Akan tetapi, terlepas dari analisis di atas, upaya pemakzulan presiden saat ini bukanlah langkah yang sederhana. Banyak rute berliku yang harus dilalui agar upaya pemakzulan itu bisa terwujud. 

Jika merujuk pada UUD 1945, Presiden dan/atau Wakil Presiden dapat diberhentikan dalam masa jabatannya oleh Majelis Permusyawaratan Rakyat (MPR) atas usul Dewan Perwakilan Rakyat (DPR). Namun Pasal 7A yang merupakan hasil perubahan ketiga konstitusi tersebut mengamanatkan bahwa pemberhentian dimungkinkan, “apabila [Presiden dan/atau Wapres] terbukti telah melakukan pelanggaran hukum berupa pengkhianatan terhadap negara, korupsi, penyuapan, tindak pidana berat lainnya, atau perbuatan tercela maupun apabila terbukti tidak lagi memenuhi syarat sebagai Presiden dan/atau Wakil Presiden”. 

Pertanyaannya, apakah Presiden SBY memenuhi enam syarat dalam pasal tersebut untuk dimakzulkan?

Jika ditelusuri secara cermat, sepertinya enam syarat itu masih jauh dari Presiden SBY. Bahkan seandainya presiden melanggar salah satu dari enam syarat itu pun, proses pemakzulan tak serta merta dapat dilakukan. Karena Sebelum DPR mengajukan usul pemberhentian presiden dan/atau wapres ke MPR, Pasal 7B ayat (1) UUD 1945 mensyaratkan DPR mengajukan permintaan kepada Mahkamah Konstitusi (MK) untuk memeriksa, mengadili, dan memutuskan apakah presiden dan/atau wapres melakukan pelanggaran hukum sesuai bunyi Pasal 7A. 
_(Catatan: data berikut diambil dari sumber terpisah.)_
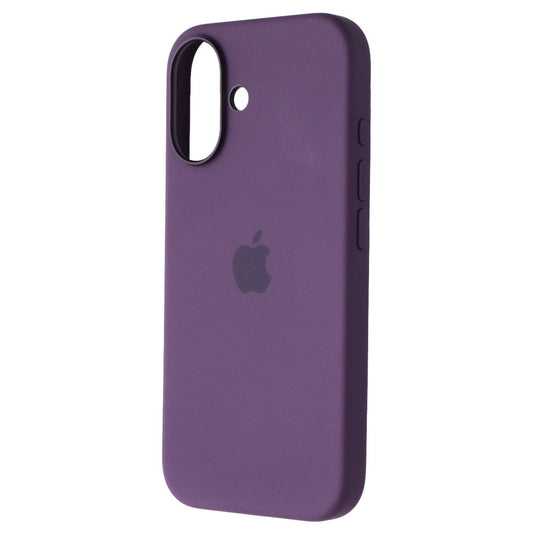 Apple Silicone Case for MagSafe with Camera Control for Apple iPhone 16 - Plum Cell Phone - Cases, Covers & Skins Apple - Simple Cell Bulk Wholesale Pricing - USA Seller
Jadi, seandainya DPR mengatakan Presiden melakukan pelanggaran sesuai pasal 7A, namun MK memandang itu bukan sebuah pelanggaran, pemakzulan tak akan menemui legitimasinya.

Hal ini sangat berbeda dengan proses pemakzulan di masa lalu. Mantan Presiden Soekarno, Soeharto, dan Abdurrahman Wahid dapat dijatuhkan dari kursi kekuasaan karena adanya dukungan dari Majelis Permusyawaratan Rakyat Sementara (MPRS) dan Majelis Permusyawaratan Rakyat (MPR) selaku lembaga tertinggi negara ketika itu. Akan tetapi perlu dicatat, kala itu, kewenangan untuk memilih dan menjatuhkan presiden memang ada di tangan MPRS atau MPR. 

Namun, melalui empat tahap amandemen UUD 1945, MPR mengalami pengurangan hak secara signifikan. Saat ini MPR tidak lagi memiliki kewenangan untuk memilih dan menurunkan presiden. Selain itu, amandemen juga mendudukkan posisi MPR bukan lagi sebagai lembaga tertinggi negara. 

Melihat kondisi ini, ada baiknya para politisi dan elemen “pemburu kuasa” berpikir ulang untuk mengupayakan pemakzulan presiden. Selain syaratnya tak memungkinkan sesuai diatur dalam UUD 1945, proses panjang yang harus dilalui juga akan menghabiskan energi tak berarti. 

Oleh karena itu, sudah semestinya proses pengambilalihan kekuasaan harus dilakukan sesuai agendanya, pemilu lima tahunan. Jangan sampai kita kembali ke era ketakpastian politik. Karena lagi-lagi, ketakpastian politik hanya akan mengantarkan kepada ketakpastian kondisi masyarakat dalam mengarungi kehidupan bernegara.